Freed But Not Free: Very good news: Saudi women’s rights activist Loujain al-Hathloul was released from prison after being held for more than 1,000 days. But she’s also banned from leaving Saudi Arabia or talking about her ordeal. And Saudi Arabia remains a nation where misogyny is legally enforced.
What Happened That Night?: A new book about two girls’ deaths in India — an ordinary tragedy and a bigger story of violence, sexism, and shame.
Who’s Talking Now? The president of the Tokyo Olympics organizing committee resigned after, in a response to a question about a plan to increase the number of women in the board, he said, “On boards with a lot of women, the board meetings take so much time” because women won’t shut up. Women are competitive, he said; if one talks, they all raise their hands. You have to wonder: Has he ever been in a meeting with men?
Dishonorable Duties: In Pakistan, the family of a 12-year-old girl says she was kidnapped, raped, chained in a cattle pen, forcibly converted, and then forced to marry her rapist and captor — something human rights groups say is a troublingly common fate for religious minorities in the country. The authorities did nothing, claiming that the pre-teen had consented to the marriage.
Find New Insults, Grandpa: Kamala Harris is a Jezebel, say two Southern Baptist pastors, who I am sure we are all shocked to learn are racist, sexist bigots.
Nevertheless, Misogyny Persisted: Discrimination against women in Iran remains persistent in public and in private, in law and in practice, the UN says.
Rest in Power: Arianna Wright Rosenbluth, a pioneer in data science, died of coronavirus last week; she was 93. Millie Hughes-Fulford, NASA’s first female payload specialist who flew on the Columbia in 1991, died of cancer at 75. And in Harlem, people are honoring Cicely Tyson, the neighborhood’s “Trueborn Queen.”
Rebuffed: Actors are accusing Buffy the Vampire Slayer creator Joss Whedon of gross and abusive treatment.
Using the Law Against Itself: Four Harvard Law grads are taking on the legal system, and challenging the ways its used to cover up sexual abuse and harassment.
Identity Politics: A left-wing party in Spain has proposed a new gender identity bill that would bring the nation in line with nearly 20 other nations in allowing citizens to legally change their gender identity for official purposes without jumping through a series of onerous medical and legal hoops. Far-right groups and the powerful Catholic Church oppose it; so do a handful of feminists.
State of Emergency: The exodus of women from the workforce is a national emergency, writes Vice President Kamala Harris.
Go Directly to Jail: A 25-year-old French woman going by the pseudonym “Julie” has accused some 20 firefighters of raping her when she was between the ages of 13 and 15, and women the country over and demonstrating in support of her. The men admit they had sex with her, but argue it wasn’t rape and say that she consented (France has no formal age of consent). Julie, her family, and feminists across France argue that a child cannot meaningfully consent to sex with adult men.
Clinton Derangement Syndrome: QAnon’s roots in Hillary hysteria (and Hillary has thoughts).
Get ‘Em: Malian women’s rights activists are suing their own government for failing to end FGM.
Coronavirus Casualties: Covid-19 has been a disaster for women’s land rights and livelihoods in Lesotho.
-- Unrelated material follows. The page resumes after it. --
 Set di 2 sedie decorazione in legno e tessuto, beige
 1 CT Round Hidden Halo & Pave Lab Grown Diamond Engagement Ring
And across Southern Africa, the pandemic has put women and girls at great risk in their own homes.
Required Reading: Read an excerpt of Gayle Tzemach Lemmon's new book The Daughters of Kobani in Marie Claire.
Watch List: Check out My Name is Pauli Murray, a documentary about the life of the visionary feminist lawyer.
What to Read
Stories of slavery, from those who survived it [The Atlantic]
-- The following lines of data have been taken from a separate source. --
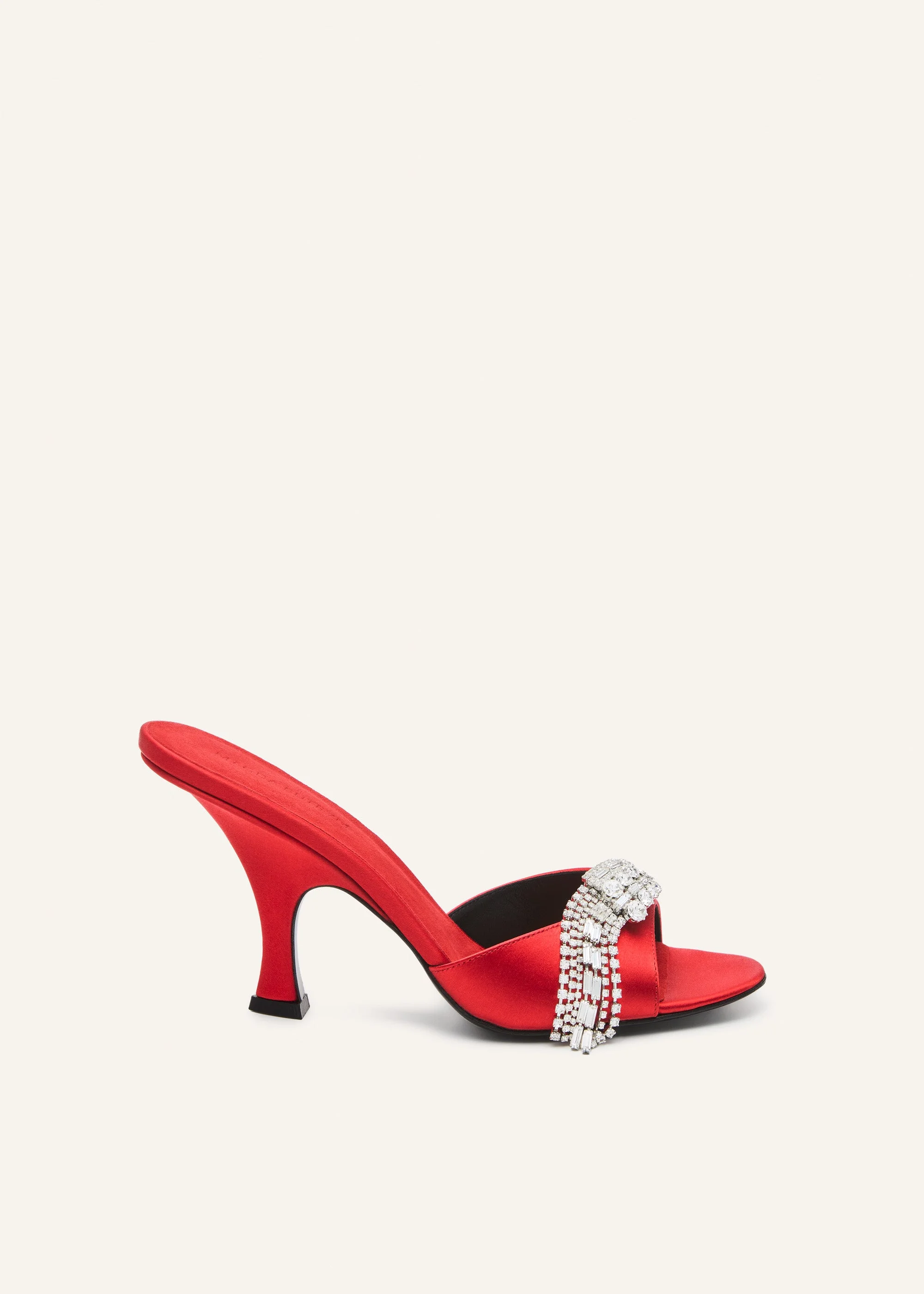 Crystal-embellished satin mules in red - 1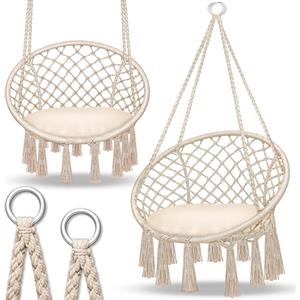 tillvex Poltrona Sospesa 200kg da Appendere | Amaca Sospesa Interno & Esterno | Sedia Appesa Resistente alle Intemperie | Poltrona Oscillante con Cuscino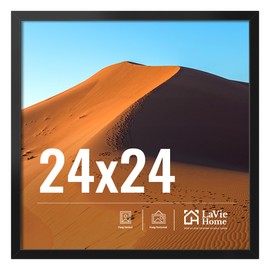 LaVie Home 24x24 Picture Frame for Wall Display, 24x24 Square Picture Frame with HD Plexiglas, 24 x 24 Poster Frame 1 Pack, Display Frame for Vertical or Horizontal, Black Classic Collection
Searching for Shelley Duvall: The Reclusive Icon on Fleeing Hollywood and the Scars of Making 'The Shining' [The Hollywood Reporter]
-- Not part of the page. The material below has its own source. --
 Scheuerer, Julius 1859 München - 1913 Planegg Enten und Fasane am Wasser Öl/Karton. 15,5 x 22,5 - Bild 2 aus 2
Breaking the Rule of One: After upending a racial norm in the rural South, a Black councilwoman contends with defiance from a community she wants to serve [The Washington Post]
Take a Break
…and watch Framing Britney Spears, an excellent and enraging documentary about pop star, and all of the ways in which we control and break young women. (Yeah sorry this one isn’t much of a break, but it’s very good!)